Standing apart from the herd is Continuum Advisors. At Continuum, we believe in using powerful emerging technology to help our clients address their most daunting data management challenges. To that end, we have incorporated BeyondRecognition (“BR”) in our services matrix for IG, legal, information security, RIM and a host initiatives that required powerful, scalable data analytics.
BR is a radically new, data-driven information governance technology that meets the IG needs of multiple stakeholders in any enterprise, public or private. Continuum has implemented BR technology at multiple Fortune 500 clients with great success.
The highly experienced CA team chose to align with BR as it is the only technology in the world that automatically classifies electronic files or scanned paper documents based on their visual characteristics – and without having to waste time writing rules to identify each type of document or designating exemplars for each document type. This is tremendously important because accurate, consistent classification is the bedrock upon which all IG initiatives are built. BR solves this long-standing, previously intractable problem.
Subject matter experts can quickly determine how to classify all the documents in a document cluster by examining one or two documents per cluster. They can also associate a document type name with the cluster based on their organization’s document classification tree, and assign retention periods based on the classification.
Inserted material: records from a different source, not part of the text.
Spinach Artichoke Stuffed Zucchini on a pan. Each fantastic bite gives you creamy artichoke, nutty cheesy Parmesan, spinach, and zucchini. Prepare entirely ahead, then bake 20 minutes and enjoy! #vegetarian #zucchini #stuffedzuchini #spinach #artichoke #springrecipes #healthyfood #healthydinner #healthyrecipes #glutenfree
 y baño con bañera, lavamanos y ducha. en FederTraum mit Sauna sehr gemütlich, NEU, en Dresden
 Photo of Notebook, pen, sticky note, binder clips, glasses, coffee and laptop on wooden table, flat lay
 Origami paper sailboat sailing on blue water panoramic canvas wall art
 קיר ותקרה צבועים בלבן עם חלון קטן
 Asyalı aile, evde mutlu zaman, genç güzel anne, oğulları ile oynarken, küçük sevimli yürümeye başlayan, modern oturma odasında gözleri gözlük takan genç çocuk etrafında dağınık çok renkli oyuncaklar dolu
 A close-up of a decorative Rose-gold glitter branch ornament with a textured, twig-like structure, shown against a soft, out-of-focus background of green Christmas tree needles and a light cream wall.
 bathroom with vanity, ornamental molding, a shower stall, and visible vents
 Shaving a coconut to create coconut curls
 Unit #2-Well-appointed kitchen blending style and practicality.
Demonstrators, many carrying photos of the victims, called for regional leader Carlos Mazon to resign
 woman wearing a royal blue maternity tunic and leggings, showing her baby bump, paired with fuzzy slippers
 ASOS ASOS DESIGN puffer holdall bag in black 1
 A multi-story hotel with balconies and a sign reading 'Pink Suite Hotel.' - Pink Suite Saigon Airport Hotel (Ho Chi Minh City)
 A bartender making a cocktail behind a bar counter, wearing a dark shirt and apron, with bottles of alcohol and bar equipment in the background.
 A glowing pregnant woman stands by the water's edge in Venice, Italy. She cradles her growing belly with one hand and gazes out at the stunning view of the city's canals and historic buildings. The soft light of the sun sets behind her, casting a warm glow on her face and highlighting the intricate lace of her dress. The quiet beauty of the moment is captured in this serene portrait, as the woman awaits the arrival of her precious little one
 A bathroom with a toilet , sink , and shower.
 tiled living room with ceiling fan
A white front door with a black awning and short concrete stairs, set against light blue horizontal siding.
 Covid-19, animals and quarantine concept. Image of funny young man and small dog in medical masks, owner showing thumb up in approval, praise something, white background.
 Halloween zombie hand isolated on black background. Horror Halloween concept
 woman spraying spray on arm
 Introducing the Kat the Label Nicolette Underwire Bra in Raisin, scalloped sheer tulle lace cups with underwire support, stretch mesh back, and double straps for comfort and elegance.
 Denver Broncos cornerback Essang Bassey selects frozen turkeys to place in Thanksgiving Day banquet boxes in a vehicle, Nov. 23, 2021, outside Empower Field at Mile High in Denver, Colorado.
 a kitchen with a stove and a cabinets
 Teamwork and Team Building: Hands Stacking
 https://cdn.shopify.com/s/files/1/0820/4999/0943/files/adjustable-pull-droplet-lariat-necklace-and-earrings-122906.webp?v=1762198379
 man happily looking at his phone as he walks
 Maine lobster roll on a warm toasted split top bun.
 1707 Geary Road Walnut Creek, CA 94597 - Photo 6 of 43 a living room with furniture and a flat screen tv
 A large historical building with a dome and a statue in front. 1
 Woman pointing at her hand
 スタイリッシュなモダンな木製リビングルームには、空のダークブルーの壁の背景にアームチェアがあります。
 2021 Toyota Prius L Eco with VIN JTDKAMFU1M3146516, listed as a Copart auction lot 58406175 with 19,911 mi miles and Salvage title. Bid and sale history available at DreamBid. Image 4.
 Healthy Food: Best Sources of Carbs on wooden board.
Our subject matter experts in energy, financial services, and pharmaceuticals work with corporate knowledge workers to extract multiple attributes from each document classification by “painting,” i.e., clicking and dragging boxes, on an image of a document from each cluster. BR then automatically extracts the specified attributes and associates each attribute with the attribute or field names assigned by the subject matter experts. The extracted data can then be loaded into the appropriate content management system.
The various attributes enable the BR-processed documents to be associated with management control systems, e.g., pipeline planning and maintenance, or capital asset acquisition, or ESH inspections. The various attributes serve to provide multiple views into the document collection.
The extracted attribute values can be normalized prior to loading into the target system or the extracted values can be used to update and validate existing field authority lists.